Neville, Gary: sinister assertion that he was never a kid, 154

Pearce, Stuart: idolisation of, 35-46, 48-9, 101, 134; professionalism of, 35-46, 48-9, 101, 134; hardness of 35-46, 48-9, 101, 134

Professionalism: approval of, 1-15, 17-60, 65-80, 98-253

Robson, Bryan: Steve Bruce almost as good as, 182

Schmeichel, Peter: dislike of, 109, 120-1; posing of, 115

Setters, Maurice: sound of an axe being ground against, 92-3, 147-9, 201

Small-talk: dislike of, 56, 82-3, 99, 103-4, 203

Solskjaer, Ole Gunnar: assertion that he is a baby-faced assassin, 153; literal assertion that both baby-faced and an assassin, 153; unspellability of, 153

Swearing: talent of Eric Cantona for, see Cantona, Eric; author’s gratuitous uses of, 1-156, 158-301

Third person: self referred to in, 2, 5, 8-25, 34, 44, 56-79, 92-100, 108-156, 180, 182, 223-256, 258-300

Tracksuits: incorrect size of in RoI training, 84

Violence: justifications for, 22, 35, 46-8, 66, 84, 91-3, 110-2, 115, 118, 164

Wembley: on failing to be turned on by, 170


And that's quite enough of that, except to sum up the book in the style of its author:

Blows were exchanged. I gave as good as I got.

Frivolous Purchase

I've just bought a copy of PaRappa the Rapper 2. It's the everyday story of a small dog in a hat who has to rap in order to win the heart of a daisy in a dress, which is what floats the boats of small rapping dogs, according to the game's manufacturers. It is, as anyone who's played it will know, an inordinate amount of fun. The gameplay is based around trying to copy the rap another character does by pressing the correct button at the right time:

Altogether now: "Kick, punch, it's all in the mind/If you want to test me you're gonna find/The things I teach ya are sure to beat ya/So listen up and get a lesson from teacher now."

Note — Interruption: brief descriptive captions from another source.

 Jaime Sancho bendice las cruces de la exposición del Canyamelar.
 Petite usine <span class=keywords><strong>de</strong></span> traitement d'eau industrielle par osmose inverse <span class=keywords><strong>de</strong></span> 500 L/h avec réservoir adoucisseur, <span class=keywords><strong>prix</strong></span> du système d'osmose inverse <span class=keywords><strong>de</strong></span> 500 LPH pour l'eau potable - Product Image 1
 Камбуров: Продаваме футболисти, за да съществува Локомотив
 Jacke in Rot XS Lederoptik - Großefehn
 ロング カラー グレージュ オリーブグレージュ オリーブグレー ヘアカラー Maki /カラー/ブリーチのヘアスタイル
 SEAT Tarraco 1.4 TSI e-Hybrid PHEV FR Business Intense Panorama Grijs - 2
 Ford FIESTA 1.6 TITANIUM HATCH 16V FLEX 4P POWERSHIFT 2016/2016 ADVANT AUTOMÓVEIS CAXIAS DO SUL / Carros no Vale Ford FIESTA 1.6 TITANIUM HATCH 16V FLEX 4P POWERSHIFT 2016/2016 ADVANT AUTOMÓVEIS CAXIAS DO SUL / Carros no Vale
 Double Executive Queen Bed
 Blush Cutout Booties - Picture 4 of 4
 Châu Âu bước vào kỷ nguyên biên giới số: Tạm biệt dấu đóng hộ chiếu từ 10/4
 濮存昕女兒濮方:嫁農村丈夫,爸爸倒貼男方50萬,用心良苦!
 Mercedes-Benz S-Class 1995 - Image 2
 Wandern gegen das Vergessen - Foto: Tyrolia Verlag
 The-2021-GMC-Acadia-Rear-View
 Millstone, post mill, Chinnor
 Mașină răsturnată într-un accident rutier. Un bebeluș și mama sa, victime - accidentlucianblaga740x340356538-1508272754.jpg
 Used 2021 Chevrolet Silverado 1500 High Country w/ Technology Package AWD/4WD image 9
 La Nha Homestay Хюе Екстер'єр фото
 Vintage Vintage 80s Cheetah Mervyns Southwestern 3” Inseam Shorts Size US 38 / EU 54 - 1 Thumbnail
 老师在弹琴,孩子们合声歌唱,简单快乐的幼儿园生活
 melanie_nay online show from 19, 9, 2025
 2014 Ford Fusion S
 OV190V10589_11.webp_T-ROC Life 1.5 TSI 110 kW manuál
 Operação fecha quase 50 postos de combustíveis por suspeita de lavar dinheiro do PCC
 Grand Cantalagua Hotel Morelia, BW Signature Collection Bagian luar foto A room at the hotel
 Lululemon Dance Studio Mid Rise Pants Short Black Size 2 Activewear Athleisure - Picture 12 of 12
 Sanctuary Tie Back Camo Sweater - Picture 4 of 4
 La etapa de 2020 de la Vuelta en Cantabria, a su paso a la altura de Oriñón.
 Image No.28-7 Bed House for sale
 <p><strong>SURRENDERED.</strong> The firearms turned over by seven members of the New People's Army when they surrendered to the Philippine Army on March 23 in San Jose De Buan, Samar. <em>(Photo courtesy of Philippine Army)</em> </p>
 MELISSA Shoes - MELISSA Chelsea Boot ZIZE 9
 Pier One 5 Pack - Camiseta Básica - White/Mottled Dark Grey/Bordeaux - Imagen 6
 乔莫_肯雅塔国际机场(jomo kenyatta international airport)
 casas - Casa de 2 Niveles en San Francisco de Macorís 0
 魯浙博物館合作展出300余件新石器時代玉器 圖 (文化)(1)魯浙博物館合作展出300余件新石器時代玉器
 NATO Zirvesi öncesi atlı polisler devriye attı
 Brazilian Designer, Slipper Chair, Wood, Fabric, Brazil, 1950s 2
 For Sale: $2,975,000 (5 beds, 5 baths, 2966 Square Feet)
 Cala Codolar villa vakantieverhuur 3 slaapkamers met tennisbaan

This will be my evening, and sad to say, I'll probably have a whale of a time.

Friday, July 15, 2005

Friday Jealousy

An unfortunate aspect of being a greased cog in the bureaucratic engine is that sometimes we have to send out hundreds of letters, and we lack a robotic envelope-stuffer or work experience drone to do it for us. However, I've hit upon the cunning plan of taking all the envelopes and letters down to the pub, and doing the operation with pint in hand. Please do not tell my boss.